Allen and Perrault give several examples of how a cooperative response can be provided. In one, an agent asks a question, for which an answer is given, but as a bonus, the hearer applies the planning rules to recognise the speaker's plan, identifies a further obstacle involving lack of information, and provides further information without being asked. In another example, a speaker asks a yes/no question about a property of a referent. Finding that the answer is no, the hearer infers that the speaker may have been looking for a referent for which the property is satisfied, and so the cooperative response is to instead provide a suitable referent. In another example, the planning of an indirect speech act is explained. In this example, a speaker asks a question that is seemingly irrelevant to any plan, such as "can you pass the salt?", flouting the maxim of relevance, until it is inferred that this question can be answered as a side-effect of another plan that is relevant, namely one in which the speaker wants the salt passed. While Allen and Perrault described the use of plan recognition in understanding an utterance, it must also be used from the speaker's perspective in choosing an utterance.

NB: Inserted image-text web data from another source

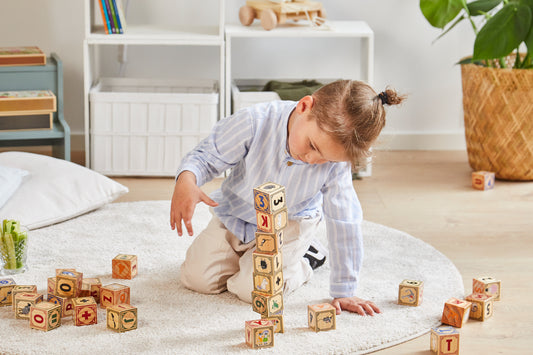 boy playing with moomin 32 wooden blocks with alphabet and numbers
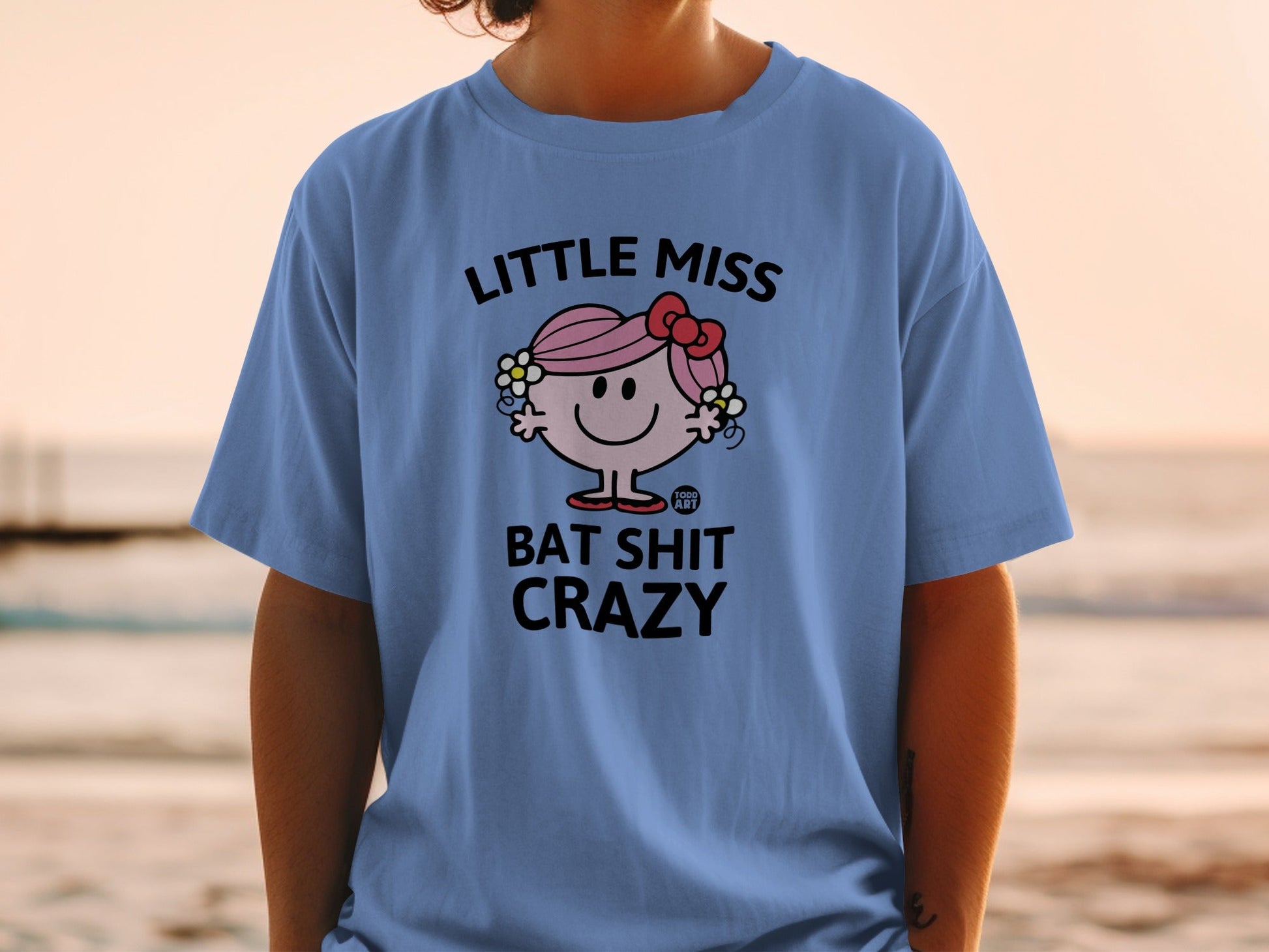 Light blue t-shirt with "Little Miss Bat Shit Crazy" text and character.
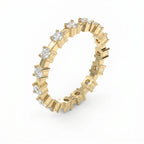 Top view of yellow gold eternity ring featuring round brilliant diamonds around the entire band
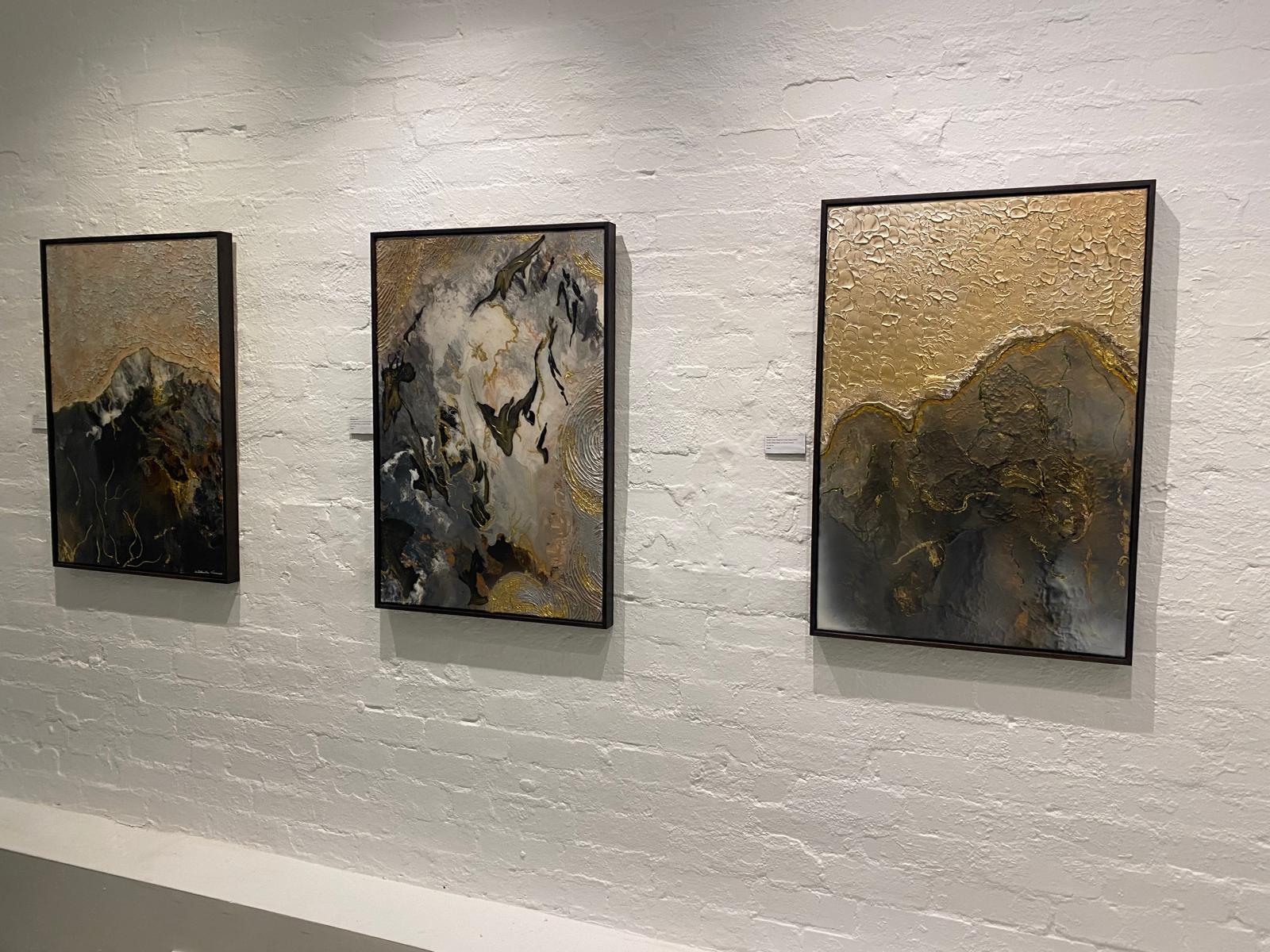 Three framed abstract works hung on a white brick gallery wall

For example, an agent might choose between the questions "what is the time and platform number of the Windsor train?", and "What is the time of the Windsor train?". In choosing the latter, the speaker must reason about the hearer's plan recognition process. The speaker expects that the hearer will recognise his plan and provide the information without being asked.
There are various devices of ambiguity in dialogue whose success depends on plan recognition. For example, a referring expression like "the ball" might refer to the red ball or to the blue ball. Suppose a speaker has just picked up the red ball. He can then say "Shall I pass the ball?" and expect that the hearer will recognise his plan and find that the only ball that can be passed is the red one. Grosz and Sidner [28] describe how this happens by referring to the agent's attentional state. The attentional state is the collection of actions and objects associated with the focus point in the plan structure. If an agent is focussed, its contribution must attach itself to the focus point, and therefore must refer to the attentional state. Anaphora can also be planned in the same way. Where a pronoun may refer to more than one agent, the hearer would be expected to select whichever agent allows a coherent and focussed continuation of the plan to be constructed [67]. Carberry [9] shows that by generating an expectation from a plan, ellipsis can be used to communicate sentence fragments, from which the intent of the speaker can be recovered by the hearer by matching the expectation with the fragment.
Grosz and Sidner [29] have formalised a logical model of the cooperative planning and plan recognition process. They describe the conditions under which an agent can infer that a plan is intended in which both the speaker and the hearer will act. This is called a shared plan. Assuming that when an agent recognises a speaker's intention, he will adopt that intention as well, the conditions are that it is mutually believed that the speaker intends the intention, and it is mutually believed that the actions in the plan are correct. If these conditions hold, then the mutual belief that each agent intends its part of the plan can be established. Shared plans are formalised as a set of inference rules on the mental state of the speaker. Shared plans are in some ways too strong to be useful. There are many situations in which mutual beliefs do not hold about intentions, due to differences of beliefs about the domain state and plan rules, yet the speaker can still form a useful plan. For instance, a dialogue planner may ask for milk in his coffee, but the hearer, not believing that milk is available, may well form a plan to ask him if cream is alright instead. In this example, a shared plan does not exist for the first utterance because the agents do not have mutual beliefs about the correctness of the plan. Such plans will feature regularly in this thesis, since the planner to be described is designed to deal with uncertainty and differences in beliefs.